There is a correlation among the observation sequence in a large number of training data, and thus a simple feature function cannot capture all the entities in CCNER tasks. Compared to the hidden Markov chain model that quickly falls into the local optimal results, CRF calculates conditional probability through the input data and makes normalization of global information to solve the annotation bias problem, which is suitable for named entity recognition task.

  1. III.

    Key techniques for achieving high accuracy in HDL

The transfer learning and semi-supervised learning technique are used to improve the performance of the proposed HDL module.

  1. 1)

    Transfer learning mechanism

The pretraining and finetuning is a popular trick in deep learning models, which require massive data to be trained. Generating the training data requires too much workforce to do the labeling job. Moreover, high-quality labeled data is challenging to obtain. Transfer learning can achieve excellent results even with a small amount of annotation data [38]. Pretraining the model weights based on a similar public dataset can achieve reasonable accuracy. For instance, Bert’s pretraining is a time-consuming task, and Google uses a large amount of Tensor Processing Unit (TPU) for pretraining Bert in millions of high-quality corpus. Ordinary companies use transfer learning on these pretrained models in finetuning their data for the weights, which can achieve outstanding accuracy on a small amount of labeled data and significantly reduce the computation complexity. At present, there are many pretraining models in the field of natural language processing, such as EMLO (allennlp.org/elmo), BERT (github.com/google-research/bert), GPT (github.com/openai/gpt-3), and XLNET (github.com/zihangdai/xlnet). When doing some downstream tasks, higher accuracy can be achieved by finetuning models.

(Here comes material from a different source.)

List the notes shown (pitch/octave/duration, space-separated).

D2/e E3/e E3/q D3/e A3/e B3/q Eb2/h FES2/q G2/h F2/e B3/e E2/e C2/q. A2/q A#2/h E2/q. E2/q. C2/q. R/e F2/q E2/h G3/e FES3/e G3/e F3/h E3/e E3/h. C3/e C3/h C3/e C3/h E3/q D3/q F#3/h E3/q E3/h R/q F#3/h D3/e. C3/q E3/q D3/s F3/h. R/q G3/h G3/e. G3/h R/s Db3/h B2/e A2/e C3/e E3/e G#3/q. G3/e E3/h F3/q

This study uses the Chinese electronic medical record dataset from CCKS 2017 (biendata.xyz/competition/CCKS2017_2/) to perform a pretraining of the proposed HDL module. The test evaluation shows the accuracy of the pretrained HDL module is up to 92%, which is comparable in accuracy with other algorithms [39, 40]. Then, the pretrained HDL is transferred using labeled CCNER data from CHPS.

  1. 2)

    Semi-supervised learning mechanism

Another technique for achieving high accuracy in HDL is the semi-supervised learning mechanism. Semi-supervised learning is to use unlabeled data for marking, and then train with the labeled data to increase the scale of training data [41]. Semi-supervised learning can be summarized into three categories: 1) pretraining with unlabeled data (including unsupervised or pseudo-supervised pretraining), then finetuning with label data; 2) Semi-supervised algorithm based on network features (use labeled data to train the network, then use the trained network features to classify the unlabeled data, and finally select some useful unlabeled data to add to the training set); and 3) make the network work in self-training semi-supervised fashion (use the trained network to predict the label of unlabeled data).

The semi-supervised learning strategy in the HDL module is a kind of pseudo-supervised pretraining on unlabeled data. The principle is to inject the pseudo-label data that could obtain a high level of confidence in the training set. It can improve a few percentage points of classification accuracy on the named entity recognition task of CEMR and reduce workforce to expand the training set.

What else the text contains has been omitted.